Do końca pierwszej połowy stroną przeważającą byli zawodnicy Mourinho, ale nie potrafili zdobyć gola, który dawałby im prowadzenie w tym meczu.

Tuż przed przerwą w polu karnym "Czerwonych Diabłów" mieliśmy małą kontrowersję, kiedy to Jones powalił bez pardonu na murawę Di Marię, ale sędzia Felix Brych faulu Anglika się nie dopatrzył.

Drugie 45. minut także należało głównie do gospodarzy, ale w wybornej formie był De Gea, który w znakomitym stylu wybronił groźny strzał Coentrao. Seria niewykorzystanych sytuacji dla Realu mogła się zemścić w 72. minucie, kiedy to dwukrotnie o krok od zdobycia gola był van Persie. Drugi strzał Holendra został wybity przez Alonso z linii bramkowej.
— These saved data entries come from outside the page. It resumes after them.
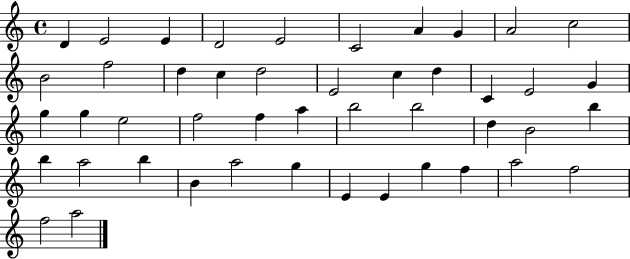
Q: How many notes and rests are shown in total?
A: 46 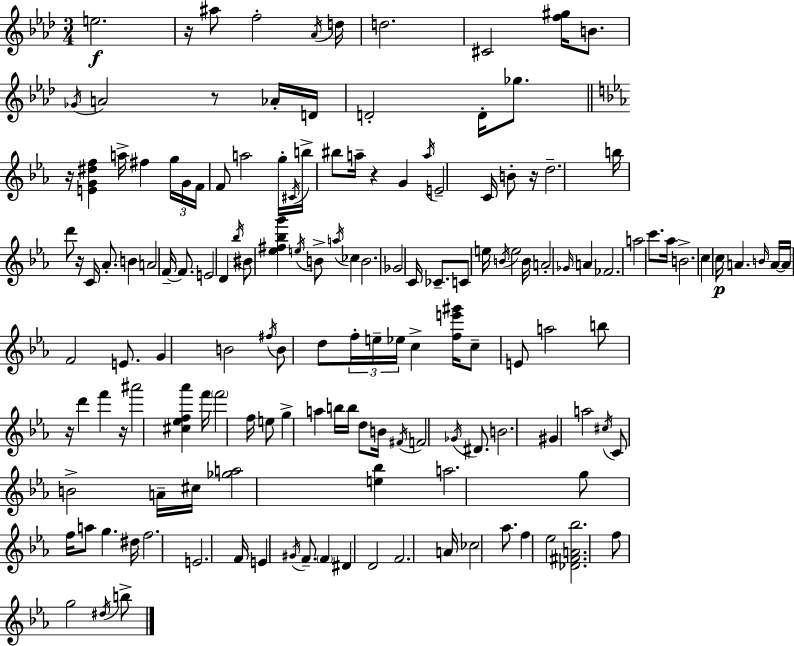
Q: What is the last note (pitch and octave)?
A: B5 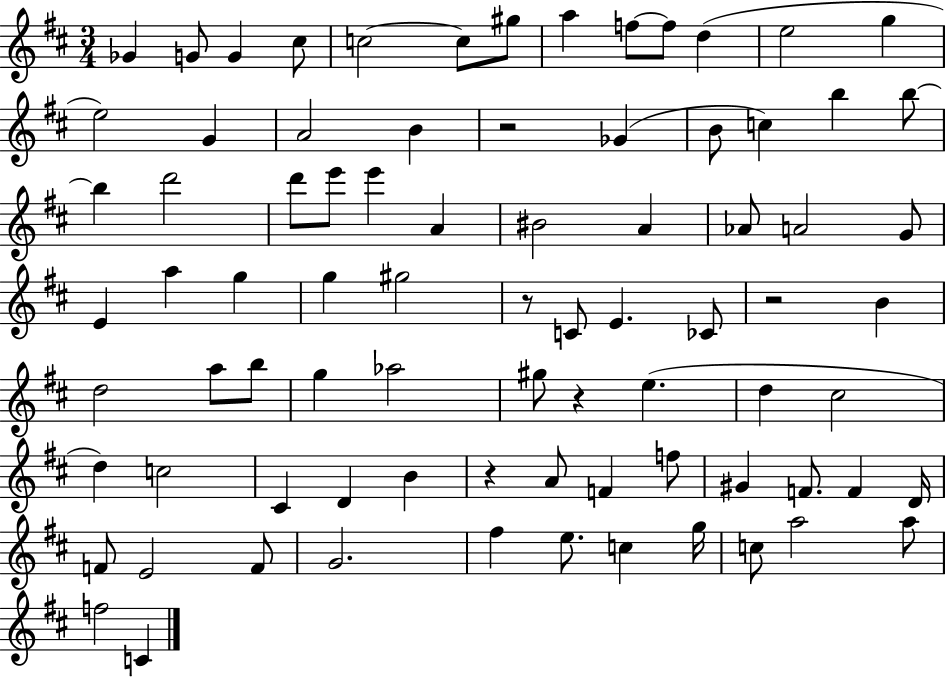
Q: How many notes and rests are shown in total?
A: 81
Zdeterminowani "Królewscy" do samego końca szukali zwycięskiej bramki, ale wynik na Santiago Bernabeu nie uległ już zmianie. Faworytem do awansu wydają się być na chwilę obecną podopieczni sir Alexa Fergusona, którzy na własnym obiekcie spiszą się na pewno lepiej niż w tym spotkaniu. Ciekawie także zapowiada się powitanie przez kibiców na Old Trafford, Cristiano Ronaldo. Portugalczyk zapewne zostanie nagrodzony brawami, jak np. David Beckham, bo raczej gwizdów, jakie zbiera Luis Suarez nie otrzyma.

Real Madryt - Manchester United 1:1

[Cristiano Ronaldo (30.) - Danny Welbeck (20.)]

Real: Diego Lopez; Alvaro Arbeloa, Raphael Varane, Sergio Ramos, Fabio Coentrao; Sami Khedira, Xabi Alonso (83. Pepe); Angel Di Maria (75. Luka Modrić), Mesut Oezil, Cristiano Ronaldo; Karim Benzema (60. Gonzalo Higuain).

Manchester: David De Gea; Rafael, Jonny Evans, Rio Ferdinand, Patrice Evra; Phil Jones, Shinji Kagawa (64. Ryan Giggs), Michael Carrick; Danny Welbeck (73. Antonio Valencia), Wayne Rooney (83. Anderson), Robin van Persie.